Now, assume we have a continuous linear operator $$T$$ such that $$T(e_\alpha)=e_\alpha,\;\forall \alpha\in A\setminus J$$. As before, $$T$$ must be the identity on $$\overline C$$. Therefore, by the direct sum decomposition of $$X$$, the operator $$T$$ is uniquely determined by the values $$T(e_1),…,T(e_k)$$. Just this should already suggest that in general, the operators you wrote are not continuous, as you are choosing more elements than you should in the definition of the operators than those you need to define the linear continuous operator (the operator is overdetermined).

Now, call $$M_T:=\sup\{\|T(x)\|\;|\;x\in Z,\;\|x\|=1\}$$, which is finite by the boundedness of $$T$$. I claim that $$\|T\|\leq K,$$ where the constant $$K$$ depends only on $$M_T$$, $$X$$, the choice of the Hamel basis $$\{e_\alpha\}_{\alpha\in A}$$, the choice of $$J$$ and the choice of the elements $$e_1,…,e_k$$ among those in $$J$$. This follows from the fact that, if |x|=1, $$\|T(x)\|\leq\|T(z)\|+\|T(c)\|\leq DM_T+\|c\|\leq DM_T+D,$$ where $$x=z+c$$, $$z\in Z$$, $$c\in \overline C$$ is the unique decomposition of x in the direct summands, and where the constant $$D$$ (depending on $$X$$, $$\overline C$$, and $$Z$$) is such that $$\|c\|+\|z\|\leq D\|x\|$$ (in fact, the norm of the Banach space $$X$$ is equivalent to the sum of the norms of the spaces involved in the direct sum; in other words, the direct sum $$X=Z\oplus \overline C$$ is actually a direct sum of Banach spaces).

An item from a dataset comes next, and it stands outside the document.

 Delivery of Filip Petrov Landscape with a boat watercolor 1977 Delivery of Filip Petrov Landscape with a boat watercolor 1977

Now, this is not the case for your sequence of operators. Taken $$k$$ indexes among the set $$J$$, the corresponding number $$M_{f_n}$$ is bounded by a constant which is independent of $$n$$ (this is an easy consequence of the pointwise boundedness of the sequence $$f_n$$). It follows from what I wrote above that your sequence of operators, if made by continuous operators, must be uniformly bounded by a constant, which is not true by construction. It follows that all the operators starting from a certain index are all unbounded.

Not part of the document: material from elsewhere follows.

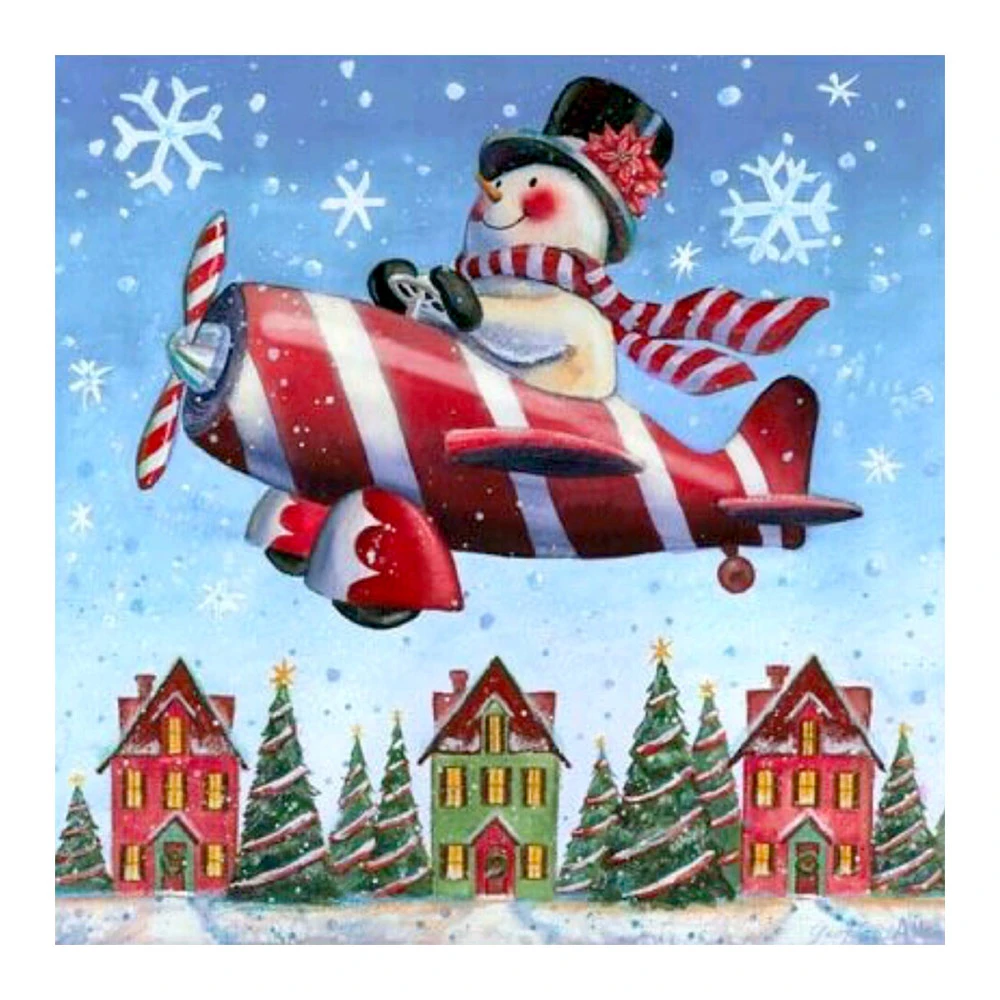 Cuadro de avión de dibujos animados, muñeco de nieve, diamante, redondo,  completo, Navidad, Nouveaute, mosaico bordado, 5D, punto de cruz,  decoración del hogar|Pintura de punto de cruz de diamantes| - AliExpress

Comment 1. The existence of the constant $$D$$ above is a consequence of the open mapping theorem. More precisely (very briefly), if you have two norms on a vector space $$X$$ such that both of them make the space a Banach space, and you can bound one with the other (up to a multiplicative constant), then the two norms are equivalent. As a consequence, if a Banach space is the direct sum (as vector spaces) of two closed subspaces, then the sum is actually a direct sum of Banach spaces, i.e., with equivalence of norms. See this other post for more details.

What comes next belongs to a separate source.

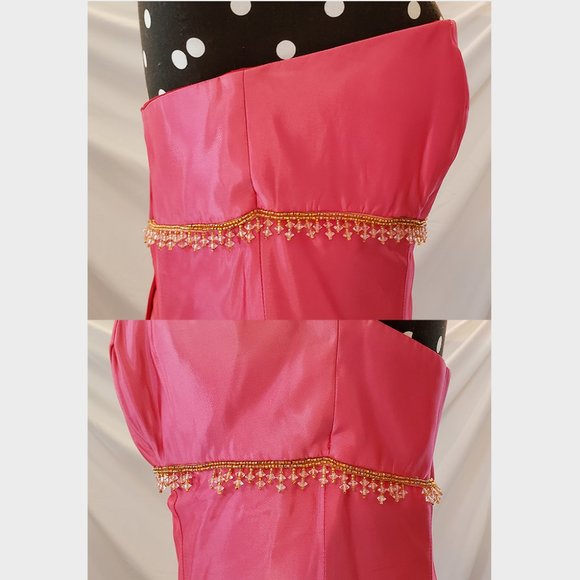 SALE Pink strapless gown dress 7/8 gold beading - Picture 4 of 10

Comment 2. Another way of proving that the operators $$f_n$$ are (almost) all unbounded in the second case is to make an interpolation with the identity operator. In fact, consider $$T$$ as above, with the restriction $$T(e_\alpha)=\lambda_\alpha e_\alpha\;\forall\alpha\in A$$ (as in your example). Let’s consider the linear combinations $$T_\theta=(1-\theta)\operatorname{Id}+\theta T.$$ The coefficients $$\lambda_\alpha$$ of the new operator $$T_\theta$$ will then be the corresponding combinations of the coefficients of $$T$$ and of $$\operatorname{Id}$$. It should then follow that the coefficients $$\lambda_j$$, $$j>k$$, which as I said above have to depend on the first ones (i.e., they are uniquely determined from $$\lambda_j$$, $$1\leq j\leq k$$), actually depend in an affine way on the coefficients $$\lambda_j$$, $$1\leq j\leq k$$ (here I mean that the dependence is linear up to an additive constant). Then, the uniform boundedness of the coefficients $$\lambda_j$$, $$j>k$$ should follow from the pointwise boundedness of all the indexes before and after the $$k$$-th one (maybe I should check better this last argument, but I think it works). Then again we would have a contradiction assuming an infinite number of the $$f_n$$ are bounded, as uniform boundedness does not hold by construction.

Comment 3. I think that in general it is not possible to say that a single one of them, e.g. $$f_1$$, is necessarily unbounded for all choices of $$X$$, the Hamel basis, etc… It very much depends on how you choose the Hamel basis. That would be a nice thing to prove if I am wrong, though.